Dead Poets Society is simple enough
- Charlie Fountaine
- Sep 5, 2016
- 3 min read

I’ve always been drawn to stories with moral ambiguity — protagonists living on the tenuous edge of reason, not knowing whether they will find redemption, or if we even want them to. But there’s a more popular side of Hollywood that abides by moral directness: right vs. wrong, good vs. evil. Surprisingly, this type of story might be more difficult to tell; it requires finding stimulation in simplicity.
Enter Dead Poets Society, which takes no shame in painting its characters with strokes broader than an interstate highway. The lead is Neil, a teenager and aspiring actor whose father is so harsh and controlling he leaps off the screen. On the other side is Robin Williams’s John Keating, a passionate English teacher espousing individualism and non-conformity. Moral lines have been drawn. In the middle: impressionable young boarding school students, forced navigate these disparate philosophies. Which direction will they go?
There’s no question which direction the movie wants them to go — Keating immediately captures our hearts when he tells his class to rip pages out of the textbook because they’re “excrement.” His prevailing lesson is “Carpe Diem” — seize the day — encouraging his students to live life to the fullest under the daunting but liberating understanding of their pending deaths. There’s nary a scene which begins to question Keating's wisdom, and the one irony may be that in celebrating his free-thinking message, the movie leaves zero room for interpretation. When Neil lands the lead in the school play, his father is so intolerant as to be contemptible, and if he's softened for a brief moment when he appears in the play's audience (ostensibly to support his son) it’s quickly forgotten when he drags Neil out of the theater by the ear. We get it: arts, creativity, individual-thinking good; conformity, convention, discipline bad.
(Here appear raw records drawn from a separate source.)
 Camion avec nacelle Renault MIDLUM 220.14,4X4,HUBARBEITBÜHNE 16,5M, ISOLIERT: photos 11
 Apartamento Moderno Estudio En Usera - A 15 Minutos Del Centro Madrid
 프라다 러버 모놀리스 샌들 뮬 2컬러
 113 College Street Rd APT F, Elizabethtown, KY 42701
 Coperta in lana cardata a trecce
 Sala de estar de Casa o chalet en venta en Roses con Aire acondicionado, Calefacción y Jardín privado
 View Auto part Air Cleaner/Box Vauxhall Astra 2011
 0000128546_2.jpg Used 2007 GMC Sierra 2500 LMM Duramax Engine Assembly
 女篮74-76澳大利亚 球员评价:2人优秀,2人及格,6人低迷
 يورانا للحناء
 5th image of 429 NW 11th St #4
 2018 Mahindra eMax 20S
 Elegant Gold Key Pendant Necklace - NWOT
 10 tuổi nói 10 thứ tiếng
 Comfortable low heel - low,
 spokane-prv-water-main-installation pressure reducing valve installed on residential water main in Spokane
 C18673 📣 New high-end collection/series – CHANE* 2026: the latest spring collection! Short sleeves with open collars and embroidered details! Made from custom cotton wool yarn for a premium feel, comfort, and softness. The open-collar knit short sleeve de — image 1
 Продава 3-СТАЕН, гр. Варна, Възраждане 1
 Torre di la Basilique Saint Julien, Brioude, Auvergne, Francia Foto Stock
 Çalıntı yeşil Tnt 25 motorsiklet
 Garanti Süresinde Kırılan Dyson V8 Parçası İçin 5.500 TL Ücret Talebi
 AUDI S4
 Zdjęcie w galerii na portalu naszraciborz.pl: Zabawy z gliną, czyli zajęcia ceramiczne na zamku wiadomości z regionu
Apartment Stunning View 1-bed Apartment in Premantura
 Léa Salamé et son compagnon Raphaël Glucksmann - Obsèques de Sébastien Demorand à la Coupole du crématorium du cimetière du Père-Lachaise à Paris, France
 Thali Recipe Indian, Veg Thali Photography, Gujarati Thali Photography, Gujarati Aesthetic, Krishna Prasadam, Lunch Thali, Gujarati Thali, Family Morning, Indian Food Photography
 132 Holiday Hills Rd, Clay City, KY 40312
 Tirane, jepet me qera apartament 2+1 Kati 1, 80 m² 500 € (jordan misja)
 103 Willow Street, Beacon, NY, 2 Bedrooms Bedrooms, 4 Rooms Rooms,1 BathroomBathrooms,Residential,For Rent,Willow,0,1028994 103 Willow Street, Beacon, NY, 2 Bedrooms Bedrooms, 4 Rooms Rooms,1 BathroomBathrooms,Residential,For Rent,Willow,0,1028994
It’s a valuable post-war lesson, albeit one Keating would presumably be more willing to let us arrive at on our own.
But then screenwriter Tom Schulman (who won an Oscar for this) and director Peter Weir remind us what the stakes are. Forbidden to follow his passion, banished to a decade of medical school and lifetime under a merciless father, how does Neil respond? He runs off and joins the circus, right? Bum a trip to New York City trying to make it as an actor? No — he kills himself. Carpe Diem. (This is a movie with the word "dead" in the title, after all.) With the rest of the school left to react, the ending is an inspiring scene that’s since been ripped off in movies like Finding Forrester (another prep school drama): students standing on their desks in support of the ousted Keating, asserting vibrant independence over the futile cries of an aging and irrelevant administrator.
Side note: there’s interesting subtext in the timing of the story, set on the cusp of the 1960s in 1959. While Keating’s students begin the film under the disciplined boot of war time sensitivities, by the end they no longer fear standing up to the stodgy administration, embracing the rebelliousness that will define the following decade. In this historical context the story takes on broader meaning, an early sign of —maybe even catalyst for — the inevitable cultural upheaval to come, when the Dead Poets Society will graduate from students into men. Perhaps it’s not unfair to credit John Keating with jumpstarting the 1960s.